● **What the task asks**:
An exact repetition of the data is required; no picture should appear in it.

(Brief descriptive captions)

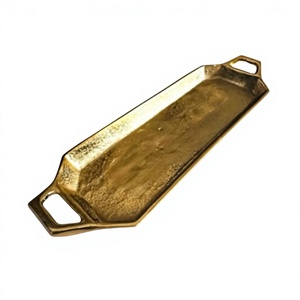 Bandeja y plato para servir alimentos con acabado PVD dorado, con asas, accesorios de mesa, plato de lujo, suministros para restaurantes, bandejas decorativas - Product Image 1
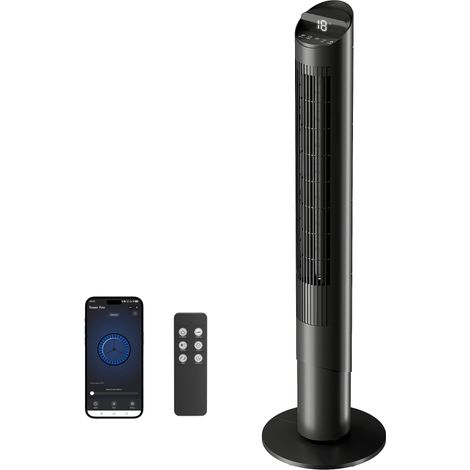 Ventilateur colonne de 116 cm, ventilateur sur pied avec télécommande et commande via application Wi-Fi, oscillation à 65°, 6 vitesses, 4 modes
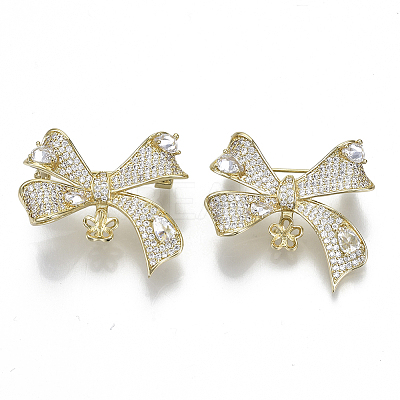 Brass Micro Pave Clear Cubic Zirconia Brooch Findings KK-N232-80-NF-1
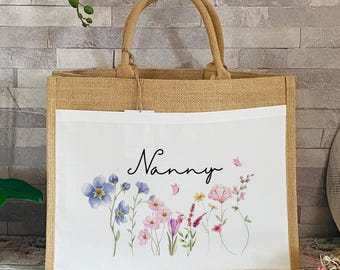 Personalised Large Shopping Bag, Mother's Day Gift, Nanny Gifts, Gift for Nana, Mum Gifts, Gift For Grandma, Gift For Nan, Flowers Tote Bag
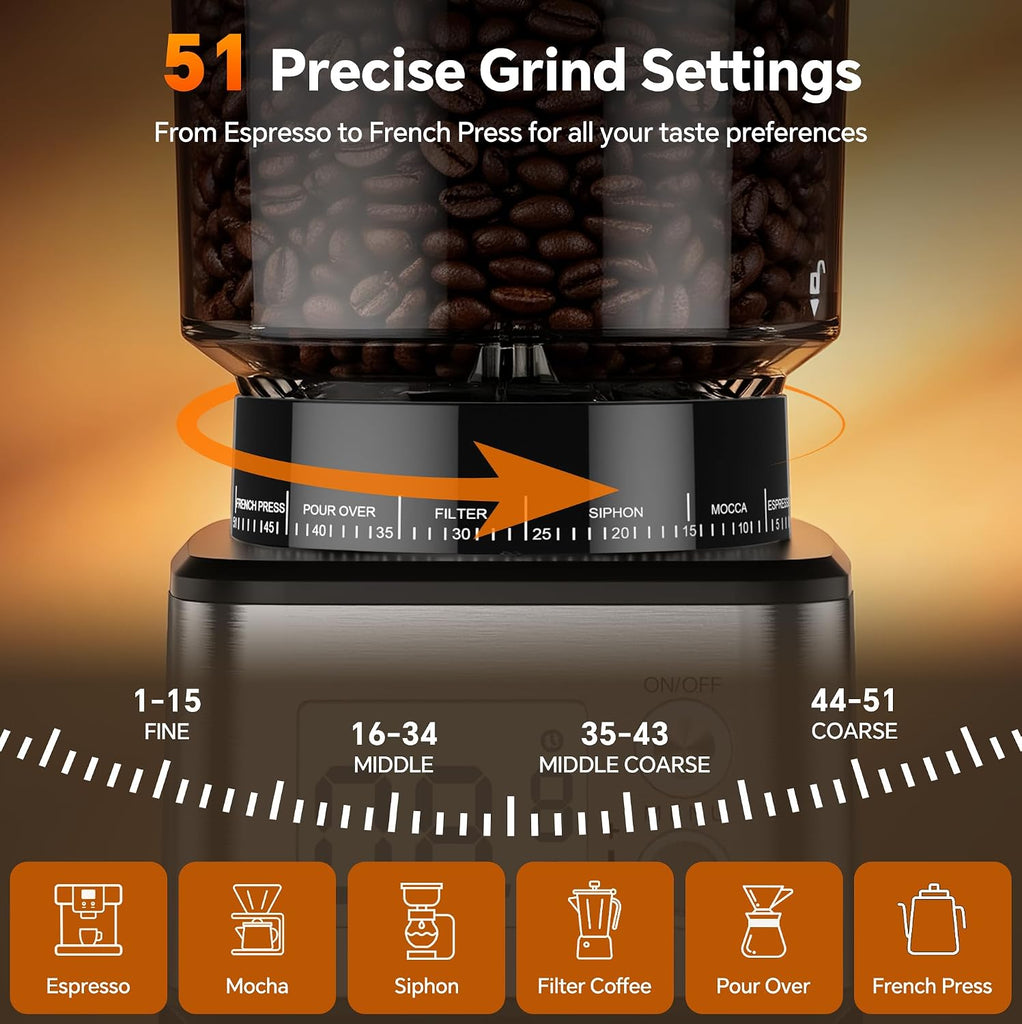 Conical Burr Coffee Grinder, 51 Precise Grind Settings Automatic Coffee Grinder, Smart Dual Control LED Display, 1-12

● **Written solution**:
 Bandeja y plato para servir alimentos con acabado PVD dorado, con asas, accesorios de mesa, plato de lujo, suministros para restaurantes, bandejas decorativas - Product Image 1
 Ventilateur colonne de 116 cm, ventilateur sur pied avec télécommande et commande via application Wi-Fi, oscillation à 65°, 6 vitesses, 4 modes
 Brass Micro Pave Clear Cubic Zirconia Brooch Findings KK-N232-80-NF-1
 Personalised Large Shopping Bag, Mother's Day Gift, Nanny Gifts, Gift for Nana, Mum Gifts, Gift For Grandma, Gift For Nan, Flowers Tote Bag
 Conical Burr Coffee Grinder, 51 Precise Grind Settings Automatic Coffee Grinder, Smart Dual Control LED Display, 1-12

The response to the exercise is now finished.